The lack of any higher level crypto primitives in the Swift standard library seems to have resulted in people just deciding to shell out to openssl to generate a CSR, which feels like an important lesson
This feels like not *necessarily* the wrong implementation but I’d prefer the library that shells out to OpenSSL to be part of the Swift standard library
Involving unnecessary CLI interfaces and parsing in both directions is far worse than using it directly.
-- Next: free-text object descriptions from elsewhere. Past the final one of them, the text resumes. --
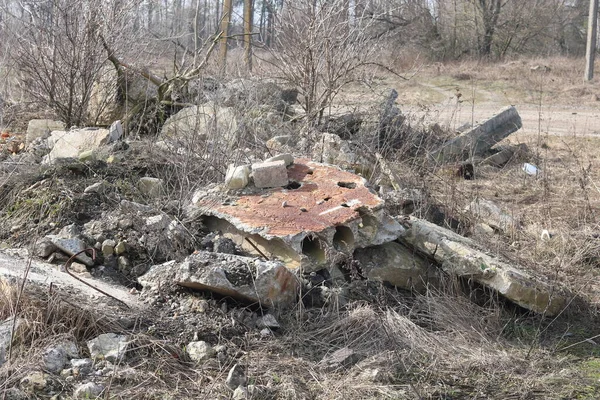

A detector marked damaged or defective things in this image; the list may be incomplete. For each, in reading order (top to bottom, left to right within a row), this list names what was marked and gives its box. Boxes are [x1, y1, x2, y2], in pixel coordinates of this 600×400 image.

broken concrete slab [26, 119, 64, 145]
broken concrete slab [43, 129, 113, 165]
broken concrete slab [251, 159, 288, 188]
rusty metal stain [199, 159, 382, 236]
broken concrete slab [191, 159, 408, 272]
broken concrete slab [428, 107, 524, 163]
broken concrete slab [466, 198, 516, 233]
broken concrete slab [480, 143, 528, 166]
broken concrete slab [140, 252, 300, 308]
broken concrete slab [354, 239, 438, 292]
broken concrete slab [398, 216, 568, 316]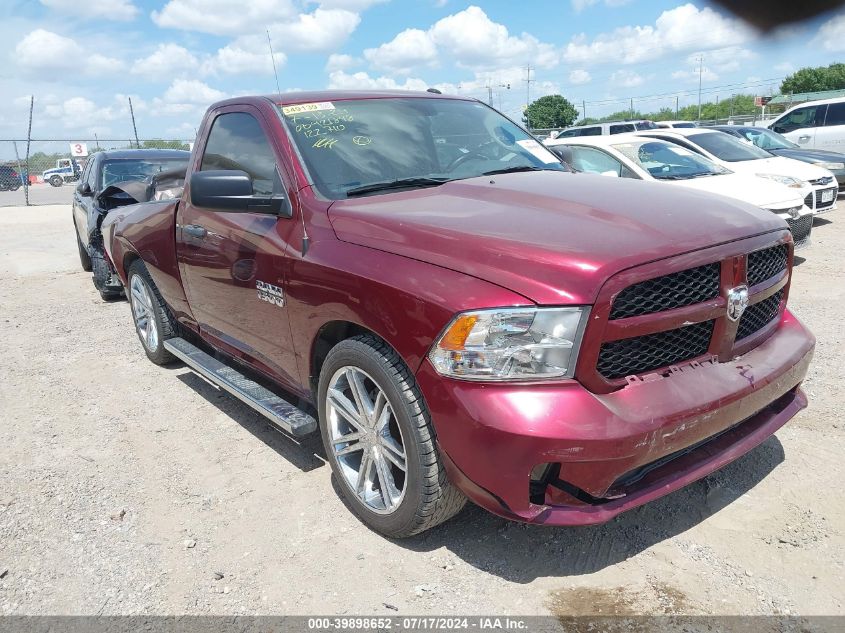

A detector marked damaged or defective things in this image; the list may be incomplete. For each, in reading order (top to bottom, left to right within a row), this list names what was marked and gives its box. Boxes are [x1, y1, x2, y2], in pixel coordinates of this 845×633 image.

vehicle hood of damaged car [328, 170, 784, 304]
damaged front bumper [418, 308, 816, 524]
It can be used in a separate process (which does not imply any isolation without further work) without involving the CLI interface if that was actually the goal.
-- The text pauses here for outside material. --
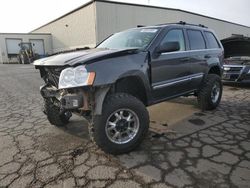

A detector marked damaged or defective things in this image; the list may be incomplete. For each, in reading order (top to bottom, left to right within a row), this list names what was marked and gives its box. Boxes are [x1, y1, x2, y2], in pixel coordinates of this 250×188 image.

damaged hood [221, 35, 250, 58]
damaged hood [33, 47, 139, 67]
front bumper damage [223, 65, 250, 83]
I'm thinking about GPG and Git here as examples, although Git was specifically designed to operate this way and maybe GPG is not a great model for anything security-related
I feel like GPG would be a much better example of how to do security if so many things operated on it via library operations rather than shelling out, and I have a lot of the same problems with things that interoperate with Git repos.
gpgme is a library wrapping the CLI tools rather than a library used by the CLI tools. It's backwards.
It's far from one of GPG's biggest issues. It's a legacy hobby project rather than serious or modern cryptography. PGP is highly flawed and GPG is a really bad implementation.
So, forgive me, because I never seem to get a complete answer: aside from usability issues (which are obviously a big deal), what is horribly flawed about PGP? The fundamentals seem reasonably sound, but I assume I’m missing something.
PGP is massively overly complex with cryptography choices and usage that are considered insecure. Key fingerprints inherently SHA-1 and there's a whole bunch of legacy cryptography algorithms and misuse even when trying to use modern algorithms with it.